Find the domain of the following function.
\[
f(x)=\frac{x+5}{x^{2}-16}
\]
Choose the correct domain below.
A. $(-\infty, 16)$ or $(16, \infty)$
B. $(-\infty,-4)$ or $(-4,4)$ or $(4, \infty)$
C. $(-\infty, 5)$ or $(5, \infty)$
D. all real numbers

Step 1 ：The function given is \(f(x)=\frac{x+5}{x^{2}-16}\).

Step 2 ：The domain of a function is the set of all possible input values (x-values) which will output real numbers.

Step 3 ：In this case, the function is a rational function, and the denominator cannot be zero.

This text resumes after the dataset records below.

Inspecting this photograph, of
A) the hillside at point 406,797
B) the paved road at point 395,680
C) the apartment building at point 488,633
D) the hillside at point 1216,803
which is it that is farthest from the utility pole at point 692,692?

Step 4 ：Therefore, we need to find the values of x that make the denominator zero and exclude them from the domain.

Step 5 ：The denominator is \(x^{2}-16\), which can be factored into \((x-4)(x+4)\).

Step 6 ：Therefore, the values of x that make the denominator zero are 4 and -4.

Step 7 ：So, the domain of the function is all real numbers except 4 and -4.

Step 8 ：Final Answer: The correct domain is \(\boxed{(-\infty,-4) \text{ or } (-4,4) \text{ or } (4, \infty)}\).